Yang jadi pertanyaan adalah: kenapa mereka melakukan aksi biadab itu di Indonesia dan bukan di negara mereka sendisi ?
Salah satunya adalah karena Indonesia (waktu itu) belum memiliki payung hukum tegas untuk melindungi rakyatnya terhadap terorisme. Kejahatan terorisme bisa ditindak jika aparat memiliki alat bukti cukup untuk menangkap mereka. Jika tidak cukup punya alat bukti dan hanya berdasarkan informasi dan alat bukti maka aparat tidak berhak untuk menindaknya.
Hal kedua penyebab tumbuh suburnya terorisme dan radikalisme adalah kondisi masyarakat kita yang sangat terbuka dan ramah terhadap pendatang atau orang asing. Rerata penduuk kita tidak punya pikiran negative terhadap penduduk asing . Aparat juga begitu. Mereka lebih mempersoalkan hal-hal teknis seperti izin tinggal dan masalah-masalah keimigrasian dibanding dengan mengetahui atau menyelidiki apa yang diperbuat mereka di Indonesia.
Sementara itu Malaysia sudah memiliki Internal Security Act (ISA) sejak 1960 yang termasuk daln Common Law System bersama dengan Inggris dan Australia. Mereka bisa bertindak unuk meringkus para teroris itu ketika mereka masih merencanakan aksi teroris, berdsarkan informasi awal aksi mereka. Para perencana aksi terorisme itu bisa dijerat pasal-pasal di ISA. Karena ketatnya system hukum mereka, sehingga aksi terorisme tidak bisa berkembang baik di negera-negara itu karena hanya dengan merencanakan saja, mereka sudah bisa ditangkap.
Sedangkan system hukum Indonesia seperti yang sudah diterangkan di atas system hukum kita masuk kategori Civil Law System yang ada di koridor sistem hukum pidana positif. Dimana aparat hanya bisa bertindak berdasar alat bukti dan aksi terorisme itu.
Sehingga, revisi Undang-Undang tentang Terorisme yang baru disahkan pemerintah bersama DPR kemarin adalah penyempurnaan terhadap UU yang sudah ada yaitu UU no 15 tahun 2003 tentang pemberantasan tindak pidana terorisme.
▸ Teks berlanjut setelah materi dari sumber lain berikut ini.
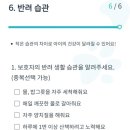 아이언펫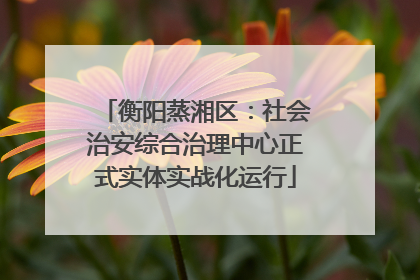 衡阳蒸湘区：社会治安综合治理中心正式实体实战化运行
UU no 15 itu merupakan UU pengganti dari Perppu nomor 1 tahun 2002 yang dikeluarkan sesaat setelah terjadinya Bom Bali 1 yang mengakibatkan 200 orang tewas termasuk orang asing. Setelah kejadian itu Indonesia disorot dunia atas keamanan dan jaminan keselamatan warga asing dan warna Indoensia sendiri. Dengan disahkannya revisi UU adlah penyempurnaan dari payung hukum Indonesia untuk lindungi masyarakat dari bahaya terorisme.